The strikes, which no country has claimed, killed 10 “truck drivers and their assistants, all of them non-Syrians” on Sunday evening, the Syrian Observatory for Human Rights said.
The UK-based group, which monitors the Syrian war, said they were “killed as a result of unidentified aircraft targeting a convoy of Iran-backed groups, last night”.
The strikes reportedly destroyed a convoy of six refrigerated trucks transporting Iranian weapons in the Albu Kamal border region.
Although no one has claimed the attack so far, Israel has carried out hundreds of air and missile strikes against Iran-backed and government forces in Syria, where the US military is also active.
Tehran has long been a major backer of Syrian President Bashar al-Assad and has supported his government through weaponry and with armed organisations from Iraq, Afghanistan and elsewhere.
Activist Omar Abu Layla, who heads the Deir Ezzor 24 media outlet, told AFP on that Sunday’s strikes had also hit the headquarters of an Iran-backed group.
“There was heavy damage in the area that was struck,” he said.
A pro-Syrian government radio station also reported Sunday that “unidentified war planes targeted, in a number of raids, six refrigerated trucks.”
The attack comes shortly after Israel reportedly carried out a drone attack against a defence facility in the Iranian city of Isfahan.
The Wall Street Journal reported on Sunday that the strike was the first to be carried out by Israel since Prime Minister Benjamin Netanyahu returned to power last month.
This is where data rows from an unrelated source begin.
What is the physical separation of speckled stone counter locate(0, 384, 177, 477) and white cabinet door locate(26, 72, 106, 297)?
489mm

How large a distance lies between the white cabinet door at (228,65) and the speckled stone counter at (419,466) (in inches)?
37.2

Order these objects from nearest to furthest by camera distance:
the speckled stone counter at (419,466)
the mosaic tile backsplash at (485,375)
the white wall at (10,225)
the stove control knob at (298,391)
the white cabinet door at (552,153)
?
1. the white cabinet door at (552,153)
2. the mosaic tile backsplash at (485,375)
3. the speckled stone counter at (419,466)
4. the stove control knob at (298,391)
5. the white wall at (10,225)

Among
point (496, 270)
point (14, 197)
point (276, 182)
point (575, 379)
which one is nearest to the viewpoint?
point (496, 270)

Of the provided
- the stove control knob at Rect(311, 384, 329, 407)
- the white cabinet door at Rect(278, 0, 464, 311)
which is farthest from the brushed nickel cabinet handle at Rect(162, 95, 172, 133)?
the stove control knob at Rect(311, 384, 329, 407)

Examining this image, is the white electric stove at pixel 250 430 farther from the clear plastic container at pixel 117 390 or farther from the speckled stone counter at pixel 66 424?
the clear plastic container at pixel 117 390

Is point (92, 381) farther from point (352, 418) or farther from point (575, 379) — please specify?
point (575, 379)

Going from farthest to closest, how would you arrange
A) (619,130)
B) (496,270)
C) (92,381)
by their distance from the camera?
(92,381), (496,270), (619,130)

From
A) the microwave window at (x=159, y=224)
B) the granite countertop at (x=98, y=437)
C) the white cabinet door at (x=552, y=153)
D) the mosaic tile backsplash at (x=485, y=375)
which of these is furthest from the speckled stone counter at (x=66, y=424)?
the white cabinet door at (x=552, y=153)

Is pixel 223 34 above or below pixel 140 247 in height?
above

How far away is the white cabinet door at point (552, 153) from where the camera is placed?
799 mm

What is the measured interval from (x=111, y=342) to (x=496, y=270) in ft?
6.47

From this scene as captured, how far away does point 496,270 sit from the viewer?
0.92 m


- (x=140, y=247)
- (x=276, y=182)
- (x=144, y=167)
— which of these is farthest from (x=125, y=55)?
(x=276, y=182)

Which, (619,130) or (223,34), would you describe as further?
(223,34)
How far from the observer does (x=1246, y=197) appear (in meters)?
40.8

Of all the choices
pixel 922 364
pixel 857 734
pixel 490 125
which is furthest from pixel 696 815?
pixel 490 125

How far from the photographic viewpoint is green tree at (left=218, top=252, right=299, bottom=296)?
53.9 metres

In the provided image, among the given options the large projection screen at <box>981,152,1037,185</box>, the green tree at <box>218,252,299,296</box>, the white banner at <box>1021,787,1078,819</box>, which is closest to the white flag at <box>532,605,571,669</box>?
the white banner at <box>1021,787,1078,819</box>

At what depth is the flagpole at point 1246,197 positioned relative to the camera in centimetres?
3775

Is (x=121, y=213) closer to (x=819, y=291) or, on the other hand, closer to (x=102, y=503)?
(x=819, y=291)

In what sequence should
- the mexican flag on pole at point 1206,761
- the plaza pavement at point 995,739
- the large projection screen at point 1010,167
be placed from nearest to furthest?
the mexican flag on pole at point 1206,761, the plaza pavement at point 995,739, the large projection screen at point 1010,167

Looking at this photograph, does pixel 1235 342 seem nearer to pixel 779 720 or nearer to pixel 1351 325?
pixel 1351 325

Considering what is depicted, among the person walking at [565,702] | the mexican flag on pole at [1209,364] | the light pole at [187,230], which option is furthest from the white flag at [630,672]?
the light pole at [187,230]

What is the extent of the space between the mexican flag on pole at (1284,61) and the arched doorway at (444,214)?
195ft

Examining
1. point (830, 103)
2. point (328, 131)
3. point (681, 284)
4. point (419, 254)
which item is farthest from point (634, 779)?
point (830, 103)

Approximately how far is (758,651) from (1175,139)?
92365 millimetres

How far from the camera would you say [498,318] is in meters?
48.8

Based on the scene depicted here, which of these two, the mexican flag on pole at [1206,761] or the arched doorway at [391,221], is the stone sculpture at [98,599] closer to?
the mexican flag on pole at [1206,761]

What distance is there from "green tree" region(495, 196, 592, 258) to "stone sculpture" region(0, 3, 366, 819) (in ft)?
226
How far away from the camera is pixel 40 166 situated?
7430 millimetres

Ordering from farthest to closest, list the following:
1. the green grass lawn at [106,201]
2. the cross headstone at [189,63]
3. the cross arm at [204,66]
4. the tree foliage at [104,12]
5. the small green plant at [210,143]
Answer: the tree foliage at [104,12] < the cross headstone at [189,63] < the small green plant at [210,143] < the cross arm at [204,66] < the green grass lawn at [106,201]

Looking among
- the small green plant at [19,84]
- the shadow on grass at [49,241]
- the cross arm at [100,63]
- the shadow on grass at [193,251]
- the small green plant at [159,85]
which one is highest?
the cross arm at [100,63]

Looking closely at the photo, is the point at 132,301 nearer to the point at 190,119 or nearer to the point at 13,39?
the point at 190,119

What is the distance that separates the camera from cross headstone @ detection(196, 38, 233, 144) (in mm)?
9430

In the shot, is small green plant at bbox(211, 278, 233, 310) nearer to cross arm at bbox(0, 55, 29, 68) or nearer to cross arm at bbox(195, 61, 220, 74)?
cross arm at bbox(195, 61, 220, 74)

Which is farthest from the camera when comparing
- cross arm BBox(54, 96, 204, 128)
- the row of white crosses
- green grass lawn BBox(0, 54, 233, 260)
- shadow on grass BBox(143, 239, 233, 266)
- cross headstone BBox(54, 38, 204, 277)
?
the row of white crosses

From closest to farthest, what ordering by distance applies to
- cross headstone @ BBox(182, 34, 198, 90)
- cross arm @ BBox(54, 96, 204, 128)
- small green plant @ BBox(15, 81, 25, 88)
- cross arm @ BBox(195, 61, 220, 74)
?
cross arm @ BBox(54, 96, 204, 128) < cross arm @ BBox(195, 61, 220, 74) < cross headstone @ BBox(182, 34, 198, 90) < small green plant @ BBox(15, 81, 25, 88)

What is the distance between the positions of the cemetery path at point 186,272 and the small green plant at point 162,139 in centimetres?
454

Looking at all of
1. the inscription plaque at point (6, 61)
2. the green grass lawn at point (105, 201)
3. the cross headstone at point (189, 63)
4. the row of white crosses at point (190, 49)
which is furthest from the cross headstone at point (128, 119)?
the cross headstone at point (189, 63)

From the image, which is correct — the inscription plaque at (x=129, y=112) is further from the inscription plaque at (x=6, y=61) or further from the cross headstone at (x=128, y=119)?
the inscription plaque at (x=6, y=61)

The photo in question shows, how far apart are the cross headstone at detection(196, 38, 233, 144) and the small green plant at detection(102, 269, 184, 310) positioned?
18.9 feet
Israel has long said it is willing to strike Iranian targets if diplomacy fails to curb Tehran’s nuclear or missile programmes, but it has a policy of withholding comment on specific incidents.
Pentagon spokesperson Brigadier General Patrick Ryder said no US military forces were involved in strikes on Iran, but declined to comment further.
The Observatory said that two more convoys had entered Syria from Iraq this week, offloading their cargo to pro-Iran groups in the eastern town of al-Mayadeen.
Armed groups with links to Iran, including Lebanon’s Hezbollah, have a major presence around the Iraq-Syria border, and are heavily deployed in Syria’s Deir Ezzor.
The attacks in Syria and Iran come amid talks between Jerusalem and Washington on new ways to counter Tehran, including its deepening military cooperation with Russia.
Iran and the P5+1 group of countries – the US, UK, France, Russia, China and Germany – reached a deal in 2015 to put limitations on Tehran’s nuclear programme in return for a lifting of sanctions. In 2018, despite Tehran’s compliance with the deal, former US President Donald Trump exited the agreement, reapplying heavy sanctions against Iran.
Israel, along with US Gulf Arab allies, opposed the 2015 deal, with Netanyahu publicly slamming it, straining the relationship with Washington.
Since taking office, President Joe Biden has sought to return the US to the agreement – officially called the Joint Comprehensive Plan of Action (JCPOA) – but the two sides have so far failed to revive the deal despite months of talks in Vienna.
One former Iranian diplomat told MEE last week that domestic and global events, not least Iran’s close ally Russia invading Ukraine, also appear to have conspired to undermine the chances of a return to the deal.
“Currently, the US is still willing to sign the deal, but we don’t have too much time,” he explained.
“Personally I don’t have any hope as an angry Europe and the US are seemingly waiting for a turning point in the Ukraine war to raise the pressure and… bring back all the dangerous UN security council resolutions against Iran.”